Berlin - German travel and tourism group TUI AG, majority owner of Europe's largest tour operator TUI Travel, said a crisis in Russia had the potential to harm what has been a fast-growing source of customers for the tourism industry.
Travellers from Russia and China have been the fastest growing source markets in the tourism industry over the last few years and are expected to help drive an expected 4-4.5% rise in global tourist arrivals in 2014, according to the United Nation's World Tourism Organization.
But the Russian economy has been slowing since last year and now consumers are also struggling with the impact of tensions between their country and the European Union and the United States since Russia annexed most of Ukraine's Crimean Peninsula in March. The EU and United States have imposed sanctions to which Moscow has retaliated with a ban on most Western food imports.
Asked about the impact of the crisis, TUI AG chief executive Frierich Joussen said there were some effects but that as the group and TUI Travel predominantly served customers from western Europe the crisis was not having a "material" impact on the group.
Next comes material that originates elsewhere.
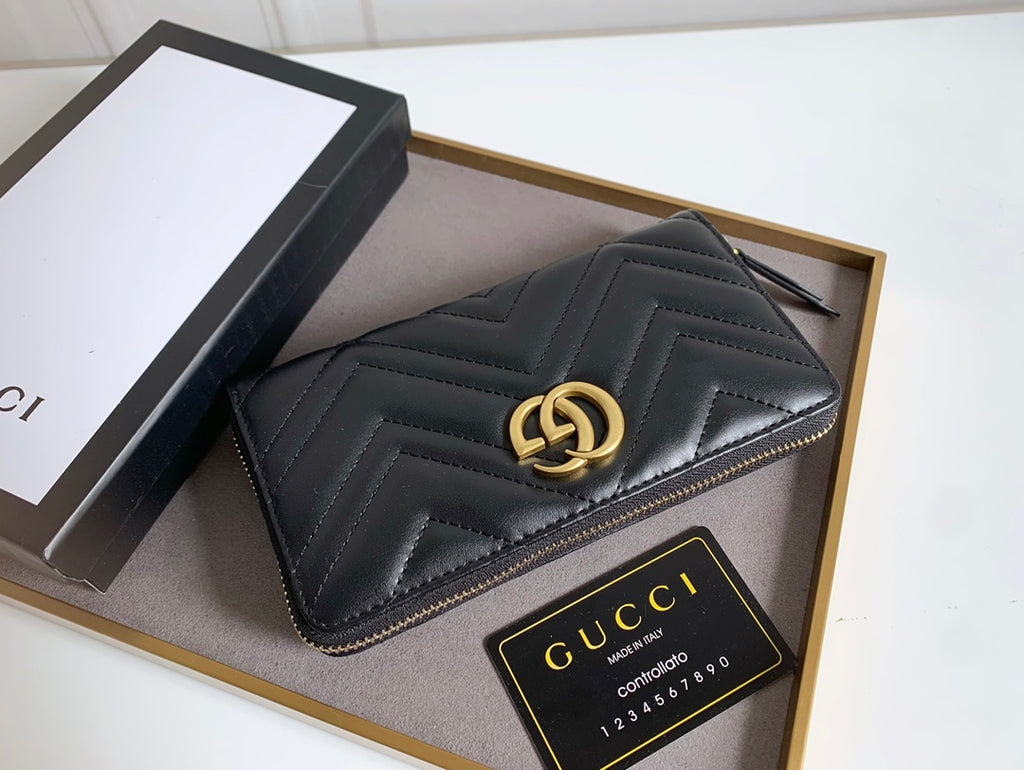 1XB81B Popular leather wallets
However, when asked whether sanctions would cause Russians to spend less on holiday he added: "We wish it were otherwise because Russia is a market that has the potential to grow."
Russian travellers helped to partly shield TUI AG's Iberotels hotels business from a sharp fall in bookings in Egypt, he said, because they continued to travel there despite recent unrest that deterred tourists from elsewhere in Europe.
Iberotel saw underlying profits fall €8m ($10.7m) in the first nine months of the year, but still made a profit of €4m, Joussen said.
Joussen added that business in Ukraine had all but dried up as a result of the crisis.